• _Problem to work on_
Transcribe the entries exactly as they stand below, passing over any picture.
[Records provided Boundary: Start]
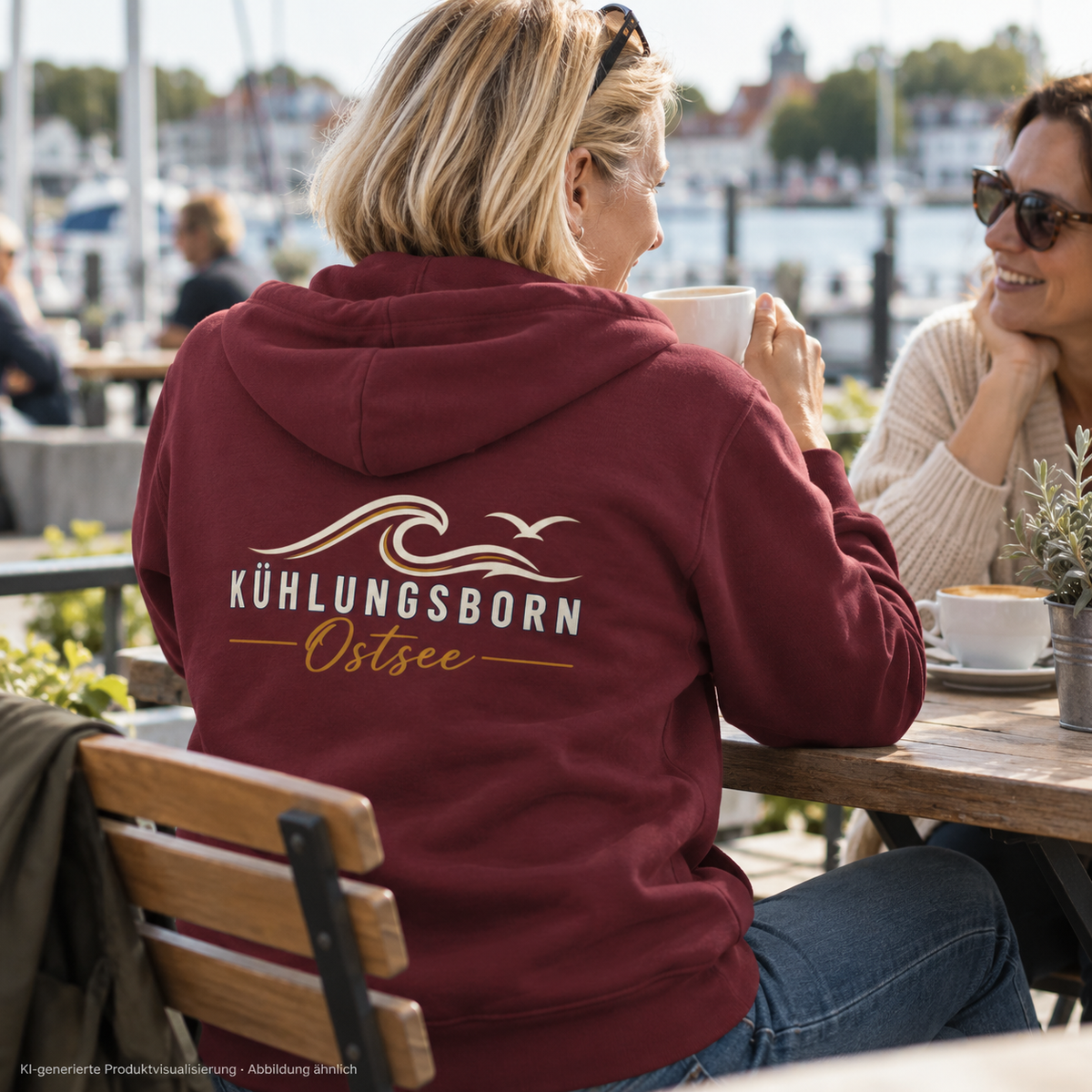 Kühlungsborn Baltic Waves – Bio-Zipper mit Rückendruck, Dark Edition, Burgundy – im Gespräch auf einer Caféterrasse, von hinten, Rückendruck; KI-generierte Produktvisualisierung.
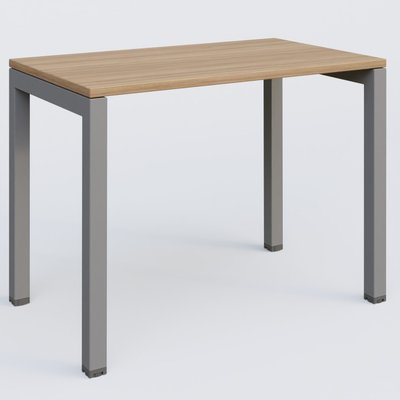 [Pas de famille] - [Pas de sous famille] - K3 Plateau droit 100x60 pieds fixe. Plateau Noyer et pietement Aluminium.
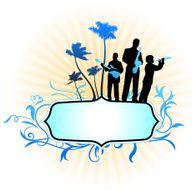 Live Music Band on Abstract Tropical Background N2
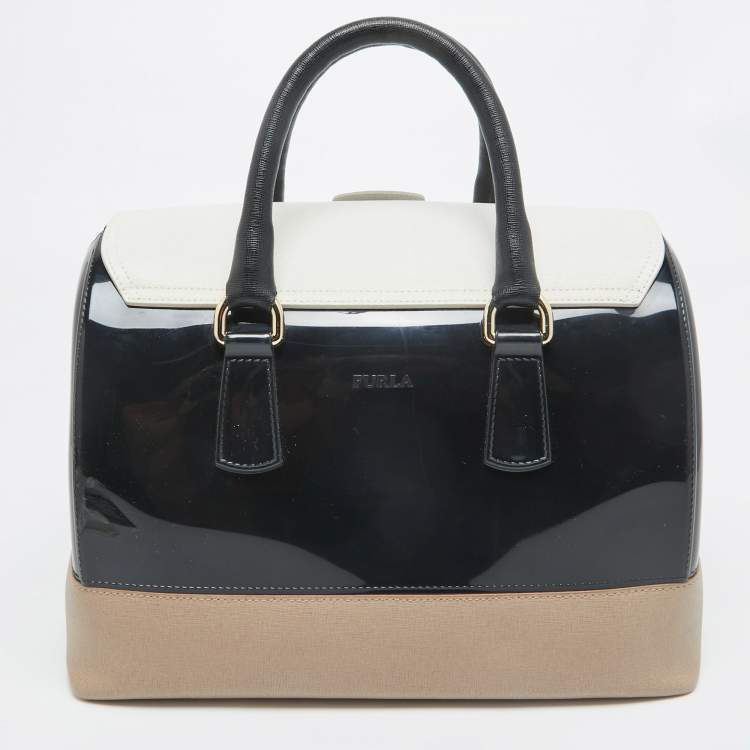 Pre Owned Furla Tricolor Rubber and Leather Candy Flap Satchel
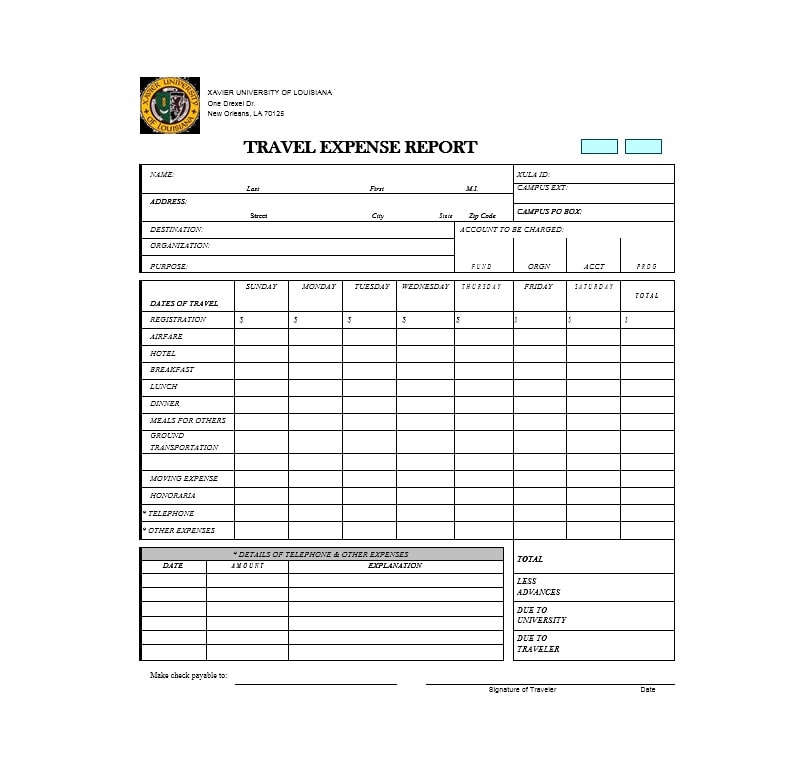 Travel Expense Report Template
[Records provided Boundary: End]
• _Output for this exercise_
 Kühlungsborn Baltic Waves – Bio-Zipper mit Rückendruck, Dark Edition, Burgundy – im Gespräch auf einer Caféterrasse, von hinten, Rückendruck; KI-generierte Produktvisualisierung.
 [Pas de famille] - [Pas de sous famille] - K3 Plateau droit 100x60 pieds fixe. Plateau Noyer et pietement Aluminium.
 Live Music Band on Abstract Tropical Background N2
 Pre Owned Furla Tricolor Rubber and Leather Candy Flap Satchel
 Travel Expense Report Template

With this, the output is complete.